- Born: 16 March 1913 Dera Baba Nanak, Punjab, British India
- Died: 11 April 1996 (aged 83) Dera Baba Nanak, Punjab, India
- Occupations: Poet; writer; communist; freedom fighter;
- Years active: 1930–96
- Spouse: Satwant Kaur ​(m. 1932)​

= Jaswant Singh Rahi =

Punjabi poet, writer, communist, freedom fighter (1913–1996)

Jaswant Singh Rahi (16 March 1913 – 11 April 1996) was a Punjabi poet, writer, communist and freedom fighter. He was born in and lived his whole life in Dera Baba Nanak town of Gurdaspur district of Punjab, India. Columnist Joginder Singh Bedi stated, "Born in the holy town of Dera Baba Nanak in Gurdaspur district, the Sahit Shiromani Poet Jaswant Singh Rahi's contribution to Punjabi world of letters is no less than that of Dhani Ram Chatrik, Prof Mohan Singh (poet) and Prof Puran Singh. Rahi is popularly known for his slogan Jai Mitarta."

== Early life ==
Rahi was born in a Rajput (Jaswal) family. His family had devoted itself to India's struggle for independence from British colonial rule. He was very close to Baba Pyare Lal Bedi, a Punjabi Sikh, an author and a philosopher. He married Satwant Kaur, a Sikh from Fatehgarh Churian of Gurdaspur district in Punjab. They had eight children, including three sons – Rajwant Singh Rahi, Inderjeet Singh Rahi and Sarbjeet Singh Rahi; and five daughters – Late Ms Sukhbir Kaur (social activist and Punjabi writer), Santosh, Raj Kumari, Mohanjeet and Kanwaljeet. His daughters-in-law are Charanjeet Kaur, Ravinder Rahi and Kulwinder Kaur.
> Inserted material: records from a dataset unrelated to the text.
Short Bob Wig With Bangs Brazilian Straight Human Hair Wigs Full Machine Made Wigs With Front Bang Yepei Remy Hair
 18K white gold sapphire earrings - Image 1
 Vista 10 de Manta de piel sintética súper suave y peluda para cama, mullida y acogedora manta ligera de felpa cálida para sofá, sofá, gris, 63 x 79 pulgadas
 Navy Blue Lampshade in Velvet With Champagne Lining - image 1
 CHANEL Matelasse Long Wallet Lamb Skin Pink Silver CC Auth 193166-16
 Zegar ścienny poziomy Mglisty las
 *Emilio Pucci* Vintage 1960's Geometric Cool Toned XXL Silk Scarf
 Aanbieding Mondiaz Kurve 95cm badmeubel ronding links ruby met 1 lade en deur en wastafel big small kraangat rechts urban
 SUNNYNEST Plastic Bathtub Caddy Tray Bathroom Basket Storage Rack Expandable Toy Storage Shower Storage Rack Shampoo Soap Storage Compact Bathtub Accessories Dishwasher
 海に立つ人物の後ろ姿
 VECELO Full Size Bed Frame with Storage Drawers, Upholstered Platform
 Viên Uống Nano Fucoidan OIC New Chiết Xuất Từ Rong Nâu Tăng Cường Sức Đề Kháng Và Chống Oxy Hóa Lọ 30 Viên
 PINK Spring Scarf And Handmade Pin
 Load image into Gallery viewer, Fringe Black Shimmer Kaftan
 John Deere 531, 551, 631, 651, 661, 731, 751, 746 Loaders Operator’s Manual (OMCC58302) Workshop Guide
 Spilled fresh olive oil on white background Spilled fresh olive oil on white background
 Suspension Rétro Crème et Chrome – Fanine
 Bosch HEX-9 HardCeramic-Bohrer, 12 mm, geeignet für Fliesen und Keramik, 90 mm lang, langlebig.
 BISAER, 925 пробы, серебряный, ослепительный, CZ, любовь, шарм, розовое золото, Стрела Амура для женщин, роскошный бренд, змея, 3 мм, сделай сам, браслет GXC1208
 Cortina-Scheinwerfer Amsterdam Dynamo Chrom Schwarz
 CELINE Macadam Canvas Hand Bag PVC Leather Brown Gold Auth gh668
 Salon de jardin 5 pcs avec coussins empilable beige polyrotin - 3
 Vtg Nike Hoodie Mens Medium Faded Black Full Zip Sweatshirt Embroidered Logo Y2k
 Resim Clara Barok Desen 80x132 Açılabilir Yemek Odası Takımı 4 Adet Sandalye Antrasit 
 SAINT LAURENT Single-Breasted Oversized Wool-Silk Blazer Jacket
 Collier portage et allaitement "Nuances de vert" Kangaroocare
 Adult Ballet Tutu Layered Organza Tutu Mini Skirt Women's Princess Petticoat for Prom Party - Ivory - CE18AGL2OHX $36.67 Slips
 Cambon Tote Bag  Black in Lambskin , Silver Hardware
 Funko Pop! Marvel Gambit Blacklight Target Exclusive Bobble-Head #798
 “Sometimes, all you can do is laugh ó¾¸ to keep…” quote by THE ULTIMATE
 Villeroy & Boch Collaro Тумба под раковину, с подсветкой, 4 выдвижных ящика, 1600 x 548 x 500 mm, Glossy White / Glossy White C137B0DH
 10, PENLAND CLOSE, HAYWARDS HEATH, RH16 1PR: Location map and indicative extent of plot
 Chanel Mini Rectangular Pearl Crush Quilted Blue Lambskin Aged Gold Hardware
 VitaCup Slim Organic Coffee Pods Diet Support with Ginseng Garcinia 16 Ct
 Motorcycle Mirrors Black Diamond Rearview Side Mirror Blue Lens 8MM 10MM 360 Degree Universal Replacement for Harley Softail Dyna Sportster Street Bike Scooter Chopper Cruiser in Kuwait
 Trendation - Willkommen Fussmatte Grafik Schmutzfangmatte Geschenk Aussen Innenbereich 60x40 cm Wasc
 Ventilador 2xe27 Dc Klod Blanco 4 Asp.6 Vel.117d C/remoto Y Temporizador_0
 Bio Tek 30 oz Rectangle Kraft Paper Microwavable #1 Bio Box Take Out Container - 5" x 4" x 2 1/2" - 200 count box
His grandchildren include Dr. Baninder Rahi (journalist and media educator who has worked with the Indian Express, The Pioneer and Daily Post India). Other grandchildren are Kavita Rahi, Bikramjeet Singh Rahi, Natasha Rahi, Navkiran Rahi, Prateek Rahi and Sarvnoor Singh Rahi.

He mentored writers including Rajwant Kaur Nagi and Shiv Kumar Batalvi during his early years. Batalvi spent weeks at Rahi's house in Dera Baba Nanak.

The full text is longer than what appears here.